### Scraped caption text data
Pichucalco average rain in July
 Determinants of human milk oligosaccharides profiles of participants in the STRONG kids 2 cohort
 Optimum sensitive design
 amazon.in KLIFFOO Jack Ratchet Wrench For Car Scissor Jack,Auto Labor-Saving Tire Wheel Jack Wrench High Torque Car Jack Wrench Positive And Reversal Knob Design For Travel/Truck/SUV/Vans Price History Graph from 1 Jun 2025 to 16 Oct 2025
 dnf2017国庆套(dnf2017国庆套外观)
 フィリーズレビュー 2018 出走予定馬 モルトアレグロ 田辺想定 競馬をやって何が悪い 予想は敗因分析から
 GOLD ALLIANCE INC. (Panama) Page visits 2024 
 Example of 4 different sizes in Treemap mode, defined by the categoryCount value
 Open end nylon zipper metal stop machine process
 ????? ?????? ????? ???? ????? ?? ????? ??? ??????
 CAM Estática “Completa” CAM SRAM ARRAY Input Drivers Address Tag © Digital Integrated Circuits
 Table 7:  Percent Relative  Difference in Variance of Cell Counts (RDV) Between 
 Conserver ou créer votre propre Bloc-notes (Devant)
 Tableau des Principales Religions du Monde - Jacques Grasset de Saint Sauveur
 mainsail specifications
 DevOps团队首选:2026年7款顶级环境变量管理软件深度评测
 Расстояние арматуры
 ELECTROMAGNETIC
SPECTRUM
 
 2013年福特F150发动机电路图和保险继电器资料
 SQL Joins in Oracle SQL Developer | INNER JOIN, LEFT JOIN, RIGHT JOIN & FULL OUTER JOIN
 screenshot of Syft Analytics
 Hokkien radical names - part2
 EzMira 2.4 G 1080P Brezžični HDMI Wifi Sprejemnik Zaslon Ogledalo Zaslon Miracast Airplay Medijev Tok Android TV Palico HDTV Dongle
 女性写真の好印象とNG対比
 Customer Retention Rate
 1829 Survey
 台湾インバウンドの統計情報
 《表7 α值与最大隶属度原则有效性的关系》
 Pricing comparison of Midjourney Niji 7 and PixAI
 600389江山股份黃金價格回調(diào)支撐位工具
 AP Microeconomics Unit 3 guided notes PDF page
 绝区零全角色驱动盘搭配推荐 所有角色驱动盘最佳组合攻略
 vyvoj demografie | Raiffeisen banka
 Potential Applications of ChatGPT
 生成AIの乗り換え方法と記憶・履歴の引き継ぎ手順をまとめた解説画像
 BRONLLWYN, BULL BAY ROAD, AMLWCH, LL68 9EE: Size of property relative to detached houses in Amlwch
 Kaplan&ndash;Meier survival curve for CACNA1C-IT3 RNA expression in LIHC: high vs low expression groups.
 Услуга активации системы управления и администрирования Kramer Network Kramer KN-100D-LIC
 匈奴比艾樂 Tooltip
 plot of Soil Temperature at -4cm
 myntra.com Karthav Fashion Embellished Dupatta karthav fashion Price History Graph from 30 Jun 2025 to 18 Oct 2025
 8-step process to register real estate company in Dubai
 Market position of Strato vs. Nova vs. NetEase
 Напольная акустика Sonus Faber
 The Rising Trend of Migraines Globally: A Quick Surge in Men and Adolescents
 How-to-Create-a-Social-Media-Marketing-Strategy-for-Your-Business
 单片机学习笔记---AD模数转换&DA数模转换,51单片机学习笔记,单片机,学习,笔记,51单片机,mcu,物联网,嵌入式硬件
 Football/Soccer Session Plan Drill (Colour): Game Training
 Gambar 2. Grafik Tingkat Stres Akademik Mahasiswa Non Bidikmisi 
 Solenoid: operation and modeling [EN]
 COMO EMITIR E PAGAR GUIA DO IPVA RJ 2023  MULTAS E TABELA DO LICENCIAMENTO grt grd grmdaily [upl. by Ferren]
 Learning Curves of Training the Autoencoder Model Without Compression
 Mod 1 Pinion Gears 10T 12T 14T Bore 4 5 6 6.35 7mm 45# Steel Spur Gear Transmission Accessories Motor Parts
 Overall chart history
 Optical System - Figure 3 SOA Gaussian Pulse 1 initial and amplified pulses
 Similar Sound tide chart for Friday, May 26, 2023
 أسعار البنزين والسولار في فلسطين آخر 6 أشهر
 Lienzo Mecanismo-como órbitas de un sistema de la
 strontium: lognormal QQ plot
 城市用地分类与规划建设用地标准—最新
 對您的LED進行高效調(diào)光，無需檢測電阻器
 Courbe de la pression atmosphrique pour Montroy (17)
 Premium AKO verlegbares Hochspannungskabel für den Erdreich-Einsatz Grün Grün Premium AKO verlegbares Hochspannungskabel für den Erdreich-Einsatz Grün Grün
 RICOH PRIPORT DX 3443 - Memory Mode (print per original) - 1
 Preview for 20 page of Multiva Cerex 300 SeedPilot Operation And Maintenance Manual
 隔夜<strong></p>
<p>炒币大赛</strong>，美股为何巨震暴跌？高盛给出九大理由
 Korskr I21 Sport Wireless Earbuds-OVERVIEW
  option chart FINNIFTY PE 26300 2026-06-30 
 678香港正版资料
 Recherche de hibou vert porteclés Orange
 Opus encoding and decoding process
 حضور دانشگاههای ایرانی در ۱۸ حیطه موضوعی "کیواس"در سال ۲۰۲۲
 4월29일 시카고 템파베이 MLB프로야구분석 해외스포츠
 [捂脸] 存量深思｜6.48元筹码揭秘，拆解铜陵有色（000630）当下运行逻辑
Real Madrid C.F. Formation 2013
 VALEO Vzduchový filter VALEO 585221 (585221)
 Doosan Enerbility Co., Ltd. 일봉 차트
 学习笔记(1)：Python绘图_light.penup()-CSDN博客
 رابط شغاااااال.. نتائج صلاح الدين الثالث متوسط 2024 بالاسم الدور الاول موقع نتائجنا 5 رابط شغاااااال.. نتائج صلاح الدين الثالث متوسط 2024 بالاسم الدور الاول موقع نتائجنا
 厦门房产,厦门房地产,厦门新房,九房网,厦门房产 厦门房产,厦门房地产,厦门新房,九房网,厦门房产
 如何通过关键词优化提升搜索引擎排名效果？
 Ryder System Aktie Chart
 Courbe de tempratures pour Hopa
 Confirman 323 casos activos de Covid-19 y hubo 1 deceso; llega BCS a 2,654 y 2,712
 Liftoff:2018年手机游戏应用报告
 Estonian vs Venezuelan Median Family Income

### Work task
Give back every line of the data exactly.

### Answer for the task
Pichucalco average rain in July
 Determinants of human milk oligosaccharides profiles of participants in the STRONG kids 2 cohort
 Optimum sensitive design
 amazon.in KLIFFOO Jack Ratchet Wrench For Car Scissor Jack,Auto Labor-Saving Tire Wheel Jack Wrench High Torque Car Jack Wrench Positive And Reversal Knob Design For Travel/Truck/SUV/Vans Price History Graph from 1 Jun 2025 to 16 Oct 2025
 dnf2017国庆套(dnf2017国庆套外观)
 フィリーズレビュー 2018 出走予定馬 モルトアレグロ 田辺想定 競馬をやって何が悪い 予想は敗因分析から
 GOLD ALLIANCE INC. (Panama) Page visits 2024 
 Example of 4 different sizes in Treemap mode, defined by the categoryCount value
 Open end nylon zipper metal stop machine process
 ????? ?????? ????? ???? ????? ?? ????? ??? ??????
 CAM Estática “Completa” CAM SRAM ARRAY Input Drivers Address Tag © Digital Integrated Circuits
 Table 7:  Percent Relative  Difference in Variance of Cell Counts (RDV) Between 
 Conserver ou créer votre propre Bloc-notes (Devant)
 Tableau des Principales Religions du Monde - Jacques Grasset de Saint Sauveur
 mainsail specifications
 DevOps团队首选:2026年7款顶级环境变量管理软件深度评测
 Расстояние арматуры
 ELECTROMAGNETIC
SPECTRUM
 
 2013年福特F150发动机电路图和保险继电器资料
 SQL Joins in Oracle SQL Developer | INNER JOIN, LEFT JOIN, RIGHT JOIN & FULL OUTER JOIN
 screenshot of Syft Analytics
 Hokkien radical names - part2
 EzMira 2.4 G 1080P Brezžični HDMI Wifi Sprejemnik Zaslon Ogledalo Zaslon Miracast Airplay Medijev Tok Android TV Palico HDTV Dongle
 女性写真の好印象とNG対比
 Customer Retention Rate
 1829 Survey
 台湾インバウンドの統計情報
 《表7 α值与最大隶属度原则有效性的关系》
 Pricing comparison of Midjourney Niji 7 and PixAI
 600389江山股份黃金價格回調(diào)支撐位工具
 AP Microeconomics Unit 3 guided notes PDF page
 绝区零全角色驱动盘搭配推荐 所有角色驱动盘最佳组合攻略
 vyvoj demografie | Raiffeisen banka
 Potential Applications of ChatGPT
 生成AIの乗り換え方法と記憶・履歴の引き継ぎ手順をまとめた解説画像
 BRONLLWYN, BULL BAY ROAD, AMLWCH, LL68 9EE: Size of property relative to detached houses in Amlwch
 Kaplan&ndash;Meier survival curve for CACNA1C-IT3 RNA expression in LIHC: high vs low expression groups.
 Услуга активации системы управления и администрирования Kramer Network Kramer KN-100D-LIC
 匈奴比艾樂 Tooltip
 plot of Soil Temperature at -4cm
 myntra.com Karthav Fashion Embellished Dupatta karthav fashion Price History Graph from 30 Jun 2025 to 18 Oct 2025
 8-step process to register real estate company in Dubai
 Market position of Strato vs. Nova vs. NetEase
 Напольная акустика Sonus Faber
 The Rising Trend of Migraines Globally: A Quick Surge in Men and Adolescents
 How-to-Create-a-Social-Media-Marketing-Strategy-for-Your-Business
 单片机学习笔记---AD模数转换&DA数模转换,51单片机学习笔记,单片机,学习,笔记,51单片机,mcu,物联网,嵌入式硬件
 Football/Soccer Session Plan Drill (Colour): Game Training
 Gambar 2. Grafik Tingkat Stres Akademik Mahasiswa Non Bidikmisi 
 Solenoid: operation and modeling [EN]
 COMO EMITIR E PAGAR GUIA DO IPVA RJ 2023  MULTAS E TABELA DO LICENCIAMENTO grt grd grmdaily [upl. by Ferren]
 Learning Curves of Training the Autoencoder Model Without Compression
 Mod 1 Pinion Gears 10T 12T 14T Bore 4 5 6 6.35 7mm 45# Steel Spur Gear Transmission Accessories Motor Parts
 Overall chart history
 Optical System - Figure 3 SOA Gaussian Pulse 1 initial and amplified pulses
 Similar Sound tide chart for Friday, May 26, 2023
 أسعار البنزين والسولار في فلسطين آخر 6 أشهر
 Lienzo Mecanismo-como órbitas de un sistema de la
 strontium: lognormal QQ plot
 城市用地分类与规划建设用地标准—最新
 對您的LED進行高效調(diào)光，無需檢測電阻器
 Courbe de la pression atmosphrique pour Montroy (17)
 Premium AKO verlegbares Hochspannungskabel für den Erdreich-Einsatz Grün Grün Premium AKO verlegbares Hochspannungskabel für den Erdreich-Einsatz Grün Grün
 RICOH PRIPORT DX 3443 - Memory Mode (print per original) - 1
 Preview for 20 page of Multiva Cerex 300 SeedPilot Operation And Maintenance Manual
 隔夜<strong></p>
<p>炒币大赛</strong>，美股为何巨震暴跌？高盛给出九大理由
 Korskr I21 Sport Wireless Earbuds-OVERVIEW
  option chart FINNIFTY PE 26300 2026-06-30 
 678香港正版资料
 Recherche de hibou vert porteclés Orange
 Opus encoding and decoding process
 حضور دانشگاههای ایرانی در ۱۸ حیطه موضوعی "کیواس"در سال ۲۰۲۲
 4월29일 시카고 템파베이 MLB프로야구분석 해외스포츠
 [捂脸] 存量深思｜6.48元筹码揭秘，拆解铜陵有色（000630）当下运行逻辑
Real Madrid C.F. Formation 2013
 VALEO Vzduchový filter VALEO 585221 (585221)
 Doosan Enerbility Co., Ltd. 일봉 차트
 学习笔记(1)：Python绘图_light.penup()-CSDN博客
 رابط شغاااااال.. نتائج صلاح الدين الثالث متوسط 2024 بالاسم الدور الاول موقع نتائجنا 5 رابط شغاااااال.. نتائج صلاح الدين الثالث متوسط 2024 بالاسم الدور الاول موقع نتائجنا
 厦门房产,厦门房地产,厦门新房,九房网,厦门房产 厦门房产,厦门房地产,厦门新房,九房网,厦门房产
 如何通过关键词优化提升搜索引擎排名效果？
 Ryder System Aktie Chart
 Courbe de tempratures pour Hopa
 Confirman 323 casos activos de Covid-19 y hubo 1 deceso; llega BCS a 2,654 y 2,712
 Liftoff:2018年手机游戏应用报告
 Estonian vs Venezuelan Median Family Income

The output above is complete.